Genere senza età, quindi, ed anche senza confini predeterminati, se si pensa ad esempio che proprio il progressive italiano ha dato al genere alcuni nomi di riferimento (PFM, Banco, Orme, Osanna, i primi album di New Trolls e di Alan Sorrenti, Biglietto per l’Inferno, Sain Just, Rovescio della Medaglia…) che continuano ad essere amati dagli appassionati di mezzo mondo, dalla Spagna al Giappone.
Ricco di musica (soprattutto “colta”) e di musicisti di enorme profilo tecnico-strumentale, il progressive vive anche di festival estivi che puntualmente si tengono in giro per il mondo, dalla Scozia alla Germania. Anche l’Italia negli ultimi anni ha iniziato a proporre il Porretta Prog, un weekend progressive che si tiene nella stessa calda location appenninica che Graziano Uliani ha lanciato nel mondo come sede dell’unico autentico Soul music festival.

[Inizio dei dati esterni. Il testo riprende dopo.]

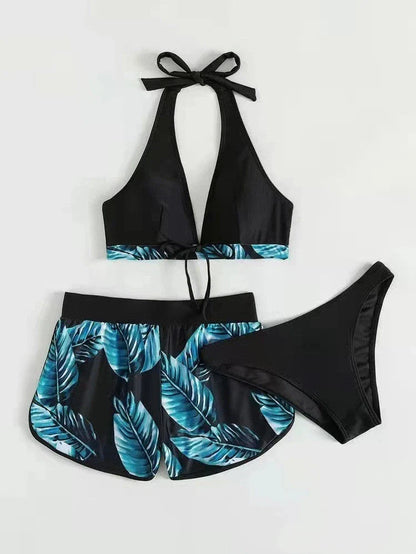 Chic leaf-patterned women's swimsuit set with bikini top, bottoms, and matching shorts in various vibrant colors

Nelle prime edizioni a Porretta sono arrivati tra gli altri i Soft Machine e i Caravan, gli Osanna di Lino Vairetti, i Goblin di Claudio Simonetti e i Guru Guru di Mani Neumeier, a conferma della capacità di questo spicchio di rock di rimanere inossidabile al tempo che passa. Quest’anno sull’Appennino bolognese si attendono nomi eccezionali tra il 5 ed il 7 agosto: i Gong e i Colosseum. I primi sono l’ultima incarnazione della formazione che Daevid Allen ha creato alla fine degli anni ’60 dopo aver già fondato i Soft Machine. Formazione dalla psichedelia imperante, i Gong oggi sono una band “ringiovanita” con il frontman Kavus Torabi e il chitarrista sudamericano Fabio Golfetti a guidare una macchina sonora efficacissima e folle come da copione, e di cui fanno parte anche Ian East (fiati), David Sturt (basso) e Cheb Nettles (batteria e percussioni). Alla scomparsa di Allen (ed implicitamente della sua compagna Gilly Smith), quest’ultima formazione dei Gong ha pubblicato un notevole Rejoice! I’m Dead, impegnandosi a portare in giro per il mondo con efficacia le visioni lisergiche del fondatore contenute in album come Camembert Electrique e Flying Teapot.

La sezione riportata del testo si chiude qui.